THE BANKART OPERATION

Historical Context and Original Technique

In the original Bankart operation, the subscapularis tendon and the underlying shoulder capsule are opened vertically. The lateral leaf of the capsule is reattached directly to the anterior glenoid rim. A medial leaf of the capsule is then imbricated over the lateral leaf, and the subscapularis is approximated.

The Bankart operation is strictly indicated when the labrum and the capsule are separated from the glenoid rim (the classic Bankart lesion) or if the anterior capsule is pathologically thin and redundant. The primary advantage of this historical procedure is that it corrects the labral defect and imbricates the capsule without requiring any metallic internal fixation devices, which were prone to catastrophic complications in the past. The main disadvantage of the original procedure is its significant technical difficulty and the morbidity associated with complete subscapularis detachment.

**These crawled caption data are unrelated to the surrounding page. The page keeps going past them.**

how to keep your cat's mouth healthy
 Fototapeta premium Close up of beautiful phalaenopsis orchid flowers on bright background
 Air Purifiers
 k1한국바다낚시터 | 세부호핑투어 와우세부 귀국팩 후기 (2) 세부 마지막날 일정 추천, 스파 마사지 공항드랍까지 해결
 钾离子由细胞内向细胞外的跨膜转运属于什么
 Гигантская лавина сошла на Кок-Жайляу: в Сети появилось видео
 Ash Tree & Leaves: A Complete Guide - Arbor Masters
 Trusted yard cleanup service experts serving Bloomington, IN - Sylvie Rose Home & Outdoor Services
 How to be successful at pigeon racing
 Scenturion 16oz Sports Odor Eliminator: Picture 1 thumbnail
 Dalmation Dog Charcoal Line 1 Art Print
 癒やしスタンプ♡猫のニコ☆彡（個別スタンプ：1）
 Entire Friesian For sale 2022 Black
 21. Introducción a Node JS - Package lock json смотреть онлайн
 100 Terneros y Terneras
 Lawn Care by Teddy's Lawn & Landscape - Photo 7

Modern Modifications and the Subscapularis Split

Since the original description of the Bankart procedure, numerous modifications have allowed the operation to be performed with greater ease, enhanced anatomical precision, and significantly less surgical trauma.

To minimize morbidity, the procedure can be performed through a subscapularis split rather than a complete tenotomy. In larger, more muscular individuals where a simple split provides inadequate exposure, the subscapularis split can be extended superiorly approximately 1 cm medial to the biceps tendon, releasing the subscapularis muscle in an L-shaped fashion.

This L-type release provides excellent, wide exposure of the rotator interval. The inferior third of the subscapular muscle can be safely retracted inferiorly to expose the inferior capsule, while simultaneously protecting the axillary nerve and the anterior humeral circumflex vessels (the "three sisters").

Surgical Pearl: The subscapularis split approach preserves the neuromuscular integrity of the subscapularis and virtually eliminates the possibility of postoperative tendon detachment or catastrophic subscapularis failure—a known complication of traditional vertical tenotomies.

Image
Figure 47-33 (A): Division of the subscapularis tendon. The lower fourth of the subscapularis tendon is left intact to protect the anterior humeral circumflex artery and the axillary nerve.

Image
Figure 47-33 (B): The subscapularis muscle is split horizontally in line with its fibers and retracted superiorly and inferiorly to expose the underlying redundant joint capsule.

The Modified Open Bankart Procedure (Montgomery and Jobe)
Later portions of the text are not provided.